• WHAT TO WORK ON
Beneath this instruction is a listing; print exactly the lines in it starting at the line that contains "Metallica - Jan." and going through the line that contains "qiqee Aubergine Gift".

• SUPPLIED RECORDS
▼

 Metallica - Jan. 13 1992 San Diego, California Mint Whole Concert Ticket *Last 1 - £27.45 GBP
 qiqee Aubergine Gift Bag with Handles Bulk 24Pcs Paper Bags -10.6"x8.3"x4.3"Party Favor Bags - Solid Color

▲
▼

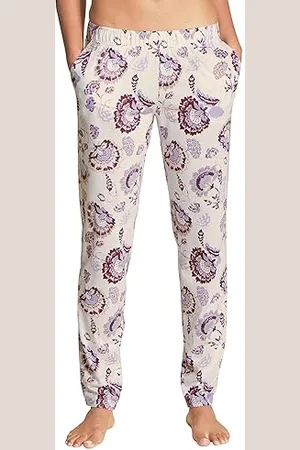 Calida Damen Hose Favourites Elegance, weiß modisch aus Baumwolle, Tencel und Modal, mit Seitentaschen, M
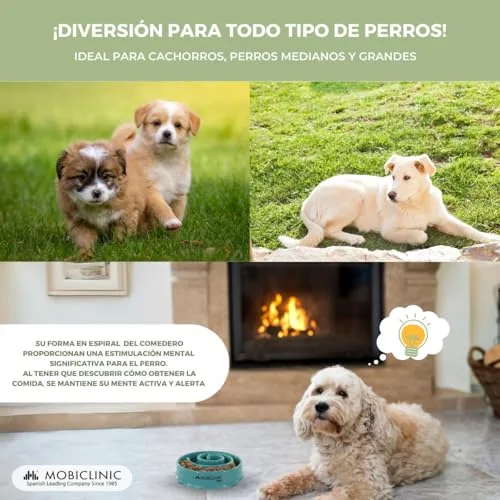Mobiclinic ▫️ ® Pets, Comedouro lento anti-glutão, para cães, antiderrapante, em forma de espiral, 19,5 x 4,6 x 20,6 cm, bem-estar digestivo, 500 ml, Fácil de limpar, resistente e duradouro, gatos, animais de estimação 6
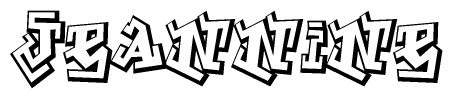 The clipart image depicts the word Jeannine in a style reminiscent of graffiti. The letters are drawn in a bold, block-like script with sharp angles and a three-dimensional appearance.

▲
▼

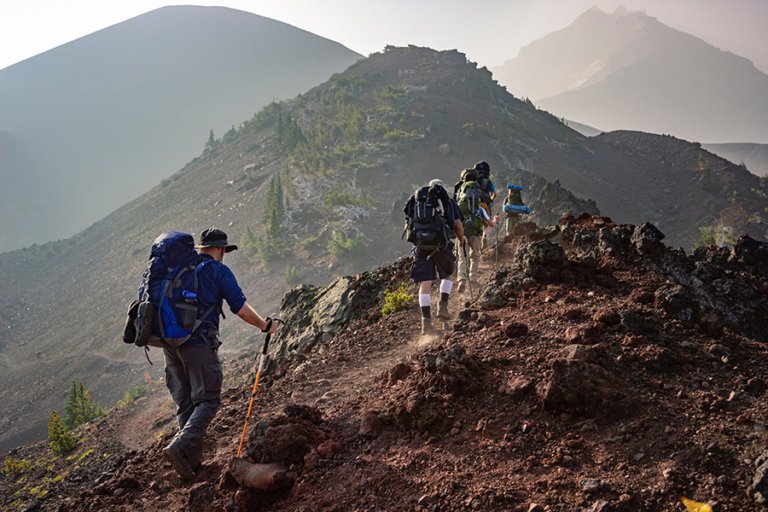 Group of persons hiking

▲

• THE COMPLETED TASK
 Metallica - Jan. 13 1992 San Diego, California Mint Whole Concert Ticket *Last 1 - £27.45 GBP
 qiqee Aubergine Gift Bag with Handles Bulk 24Pcs Paper Bags -10.6"x8.3"x4.3"Party Favor Bags - Solid Color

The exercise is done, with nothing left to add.